→ **Recorded data**
++++++++++++++++++++

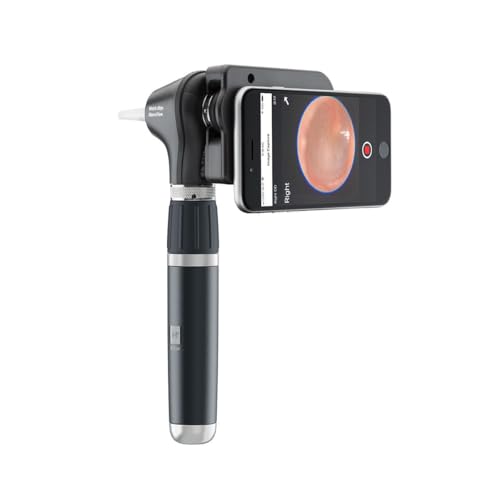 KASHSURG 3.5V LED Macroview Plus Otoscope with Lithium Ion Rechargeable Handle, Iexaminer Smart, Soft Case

++++++++++++++++++++

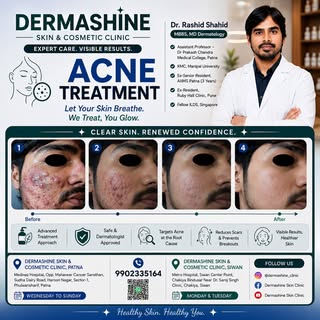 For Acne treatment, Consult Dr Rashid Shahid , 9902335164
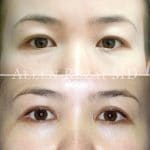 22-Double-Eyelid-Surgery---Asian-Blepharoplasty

++++++++++++++++++++

→ **Action item**
Reproduce exactly the lines of the data above that run from the line with "For Acne treatment, Consult" down to the line with "22-Double-Eyelid-Surgery---Asian-Blepharoplasty", both ends included. Pictures do not belong in the copy.

→ **Response to this exercise**
 For Acne treatment, Consult Dr Rashid Shahid , 9902335164
 22-Double-Eyelid-Surgery---Asian-Blepharoplasty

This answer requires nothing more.